I find this interface confusing.
I have a few steps when starting to work with a pidfd:
1. Acquire
pidfd_open(pid, ns, flags) or pidfd_clone(...)
2. Operate
pidfd_send_signal(...)
For those who need a race free way to open the correct /proc/<PID> for
a pidfd relative to a /proc dir fd, for the purposes of metadata
access, you will have procfd_open, which is in the kernel because the
same thing is racy to do in userspace.
Otherwise, pidfd_open in this patchset is this and also a polymorphic
system call that can become procfd_open in my example when passed a
flag. It is doing vastly different things given the presence and
absence of options. This is similar to a multiplexor again, but it
looks more confusing. You have to mask options.
pidfd_open currently:
pidfd_open(pid, -1, -1, 0); gets pidfd in current active ns
pidfd_open(-1, procrootfd, pidfd, PIDFD_TO_PROCFD); returns dir fd of
/proc/<PID> it maps to rel. to proc rootfd
pidfd_open(-1, nsfd, pidfd, CLONE_NEWPID); as you propose this
searches pid in pidns pinned by nsfd, and returns a pidfd file
descriptor.
Extend this to threads in the future, and the combination and
permutation starts getting confusing. Based on the flag, it is
entirely changing what will it work upon, and what it will do.
I can reasonably summarise my pidfd_open and procfd_open in their man
page in one line:
pidfd_open(pid, ns, flags) returns pidfd for pid, searching it in the
pidns pinned by ns fd, and flags will determine further if this is
thread local or process local (i.e. tid or tgid, and tgid == tid for
single threaded) (in the future) (so you could do thread directed
signals by passing a flag to pidfd_send_signal and this pidfd).
Your call without CONFIG_PROC_FS will be literally this, but a few
options will have to be set as -1.
procfd_open(procrootfd, pidfd, flags), returns the proc dir fd for the
pid/tid depending on if the pidfd is thread local, process local, hint
it in flags, etc. It is just a race free wrapper around an openat in
userspace, undergoing the same access control checks.

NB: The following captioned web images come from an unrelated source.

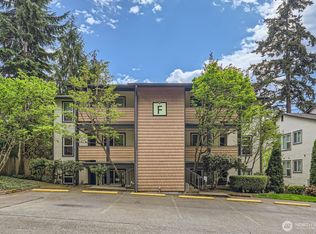 8615 238th St SW APT F201, Edmonds, WA 98026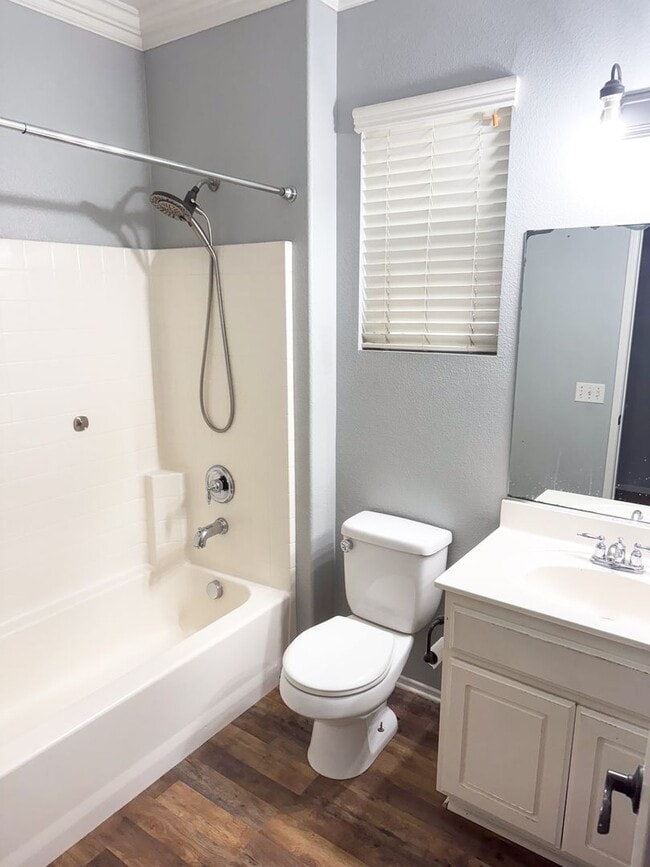 Building Photo - All utilities included -  One Bedroom Juni...
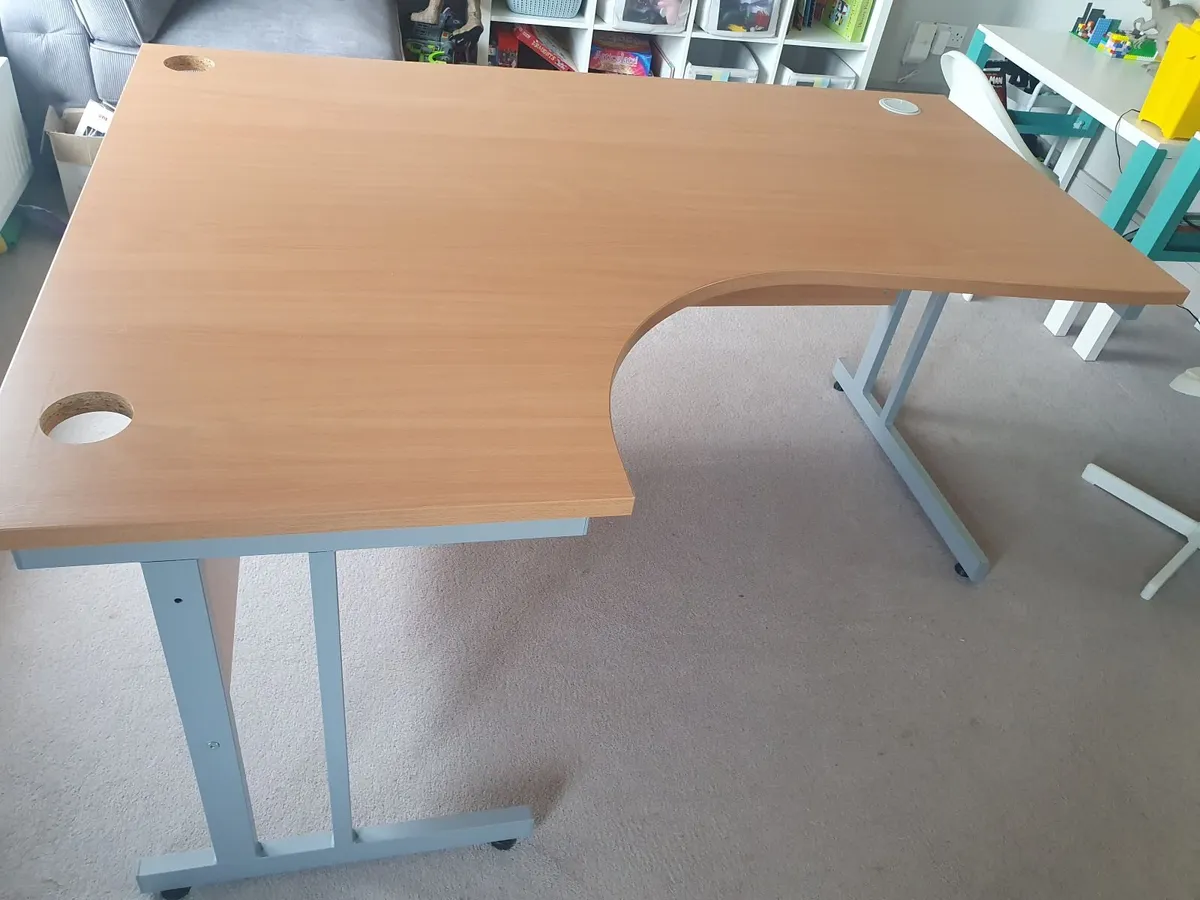 Office Desk - Image 4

Yes, pidfd_open as it is now works *just fine*, but it is more
confusing to use and discuss. The conclusion from the previous
discussion also seemed to be to split pidctl's PIDCMD_GET_PIDFD into
its own thing, and provide a translation from pidfd to its proc dir fd
on its own. Then, translate_pid can be its own thing, or you could
extend ioctl_ns(2) if you want.
All that said, thanks for the work on this once again. My intention is
just that we don't end up with an API that could have been done better
and be cleaner to use for potential users in the coming years.